» **Extracted data**
▽

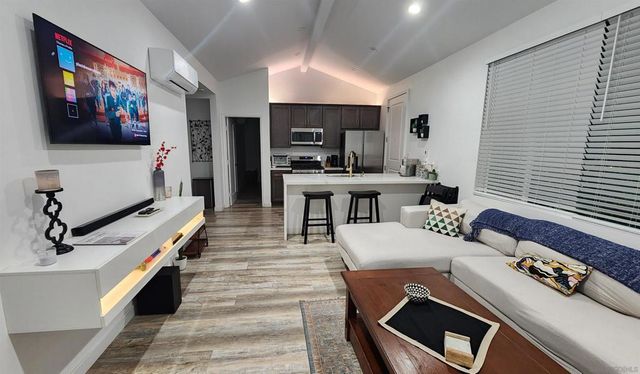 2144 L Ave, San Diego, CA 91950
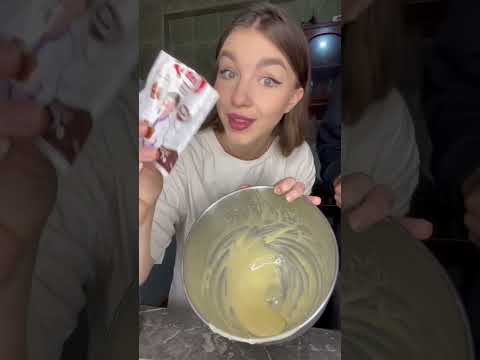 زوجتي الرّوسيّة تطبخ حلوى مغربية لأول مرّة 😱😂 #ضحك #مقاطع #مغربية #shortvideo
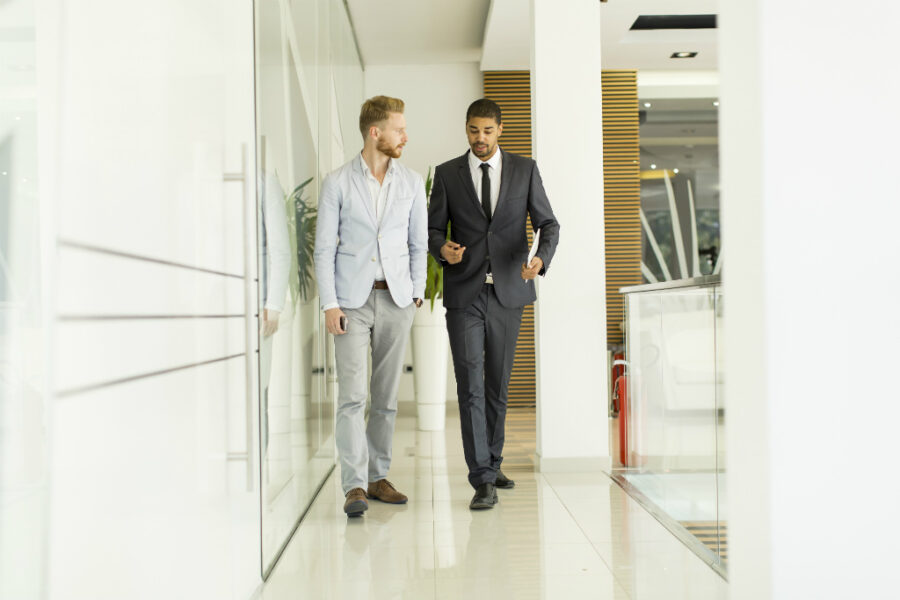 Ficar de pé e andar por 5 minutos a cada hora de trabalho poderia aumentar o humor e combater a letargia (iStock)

△
▽

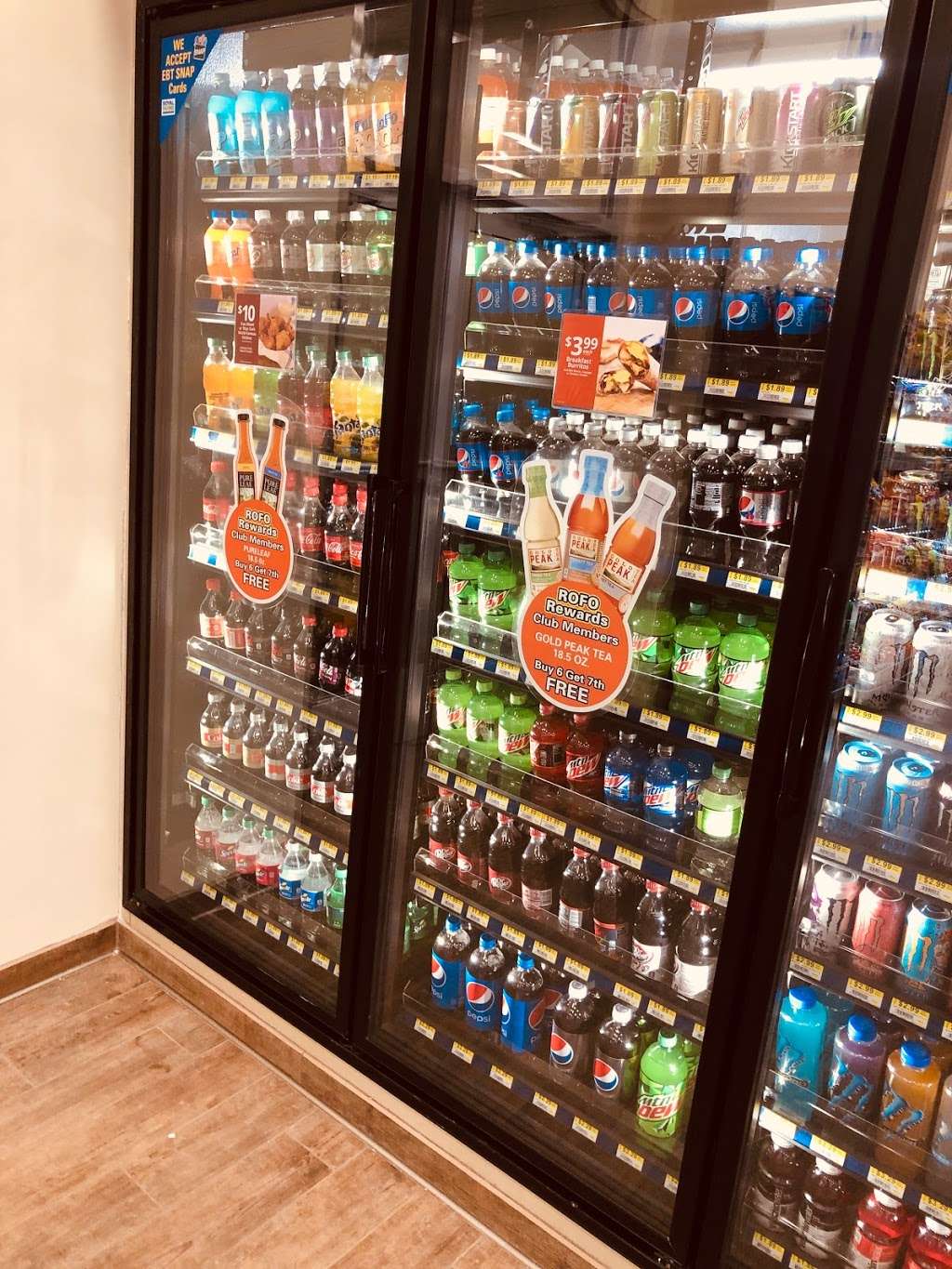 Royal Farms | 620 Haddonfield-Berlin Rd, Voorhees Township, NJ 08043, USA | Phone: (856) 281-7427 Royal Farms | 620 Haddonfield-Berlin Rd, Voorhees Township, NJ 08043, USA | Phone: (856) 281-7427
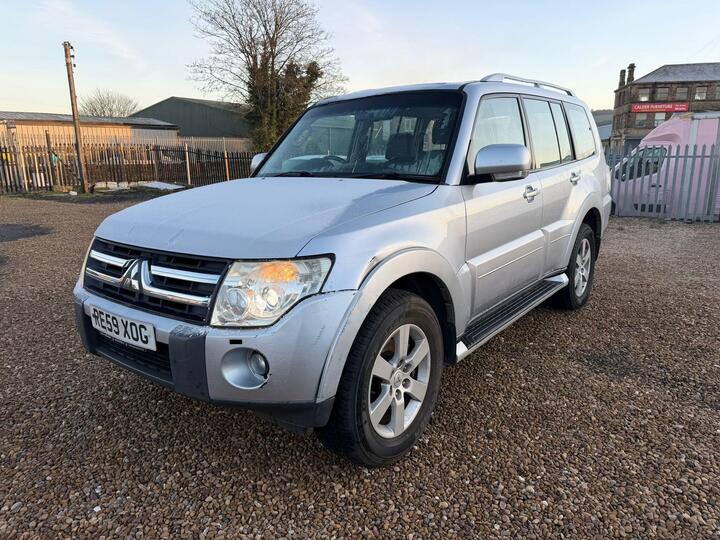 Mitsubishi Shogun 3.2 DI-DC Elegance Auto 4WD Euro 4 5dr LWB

△

» **About this exercise**
What is needed is an exact copy of only the lines above from the one with "(856) 281-7427 Royal" to the one with "Mitsubishi Shogun 3.2", both kept, with every picture left out.

» **Expected answer**
 Royal Farms | 620 Haddonfield-Berlin Rd, Voorhees Township, NJ 08043, USA | Phone: (856) 281-7427 Royal Farms | 620 Haddonfield-Berlin Rd, Voorhees Township, NJ 08043, USA | Phone: (856) 281-7427
 Mitsubishi Shogun 3.2 DI-DC Elegance Auto 4WD Euro 4 5dr LWB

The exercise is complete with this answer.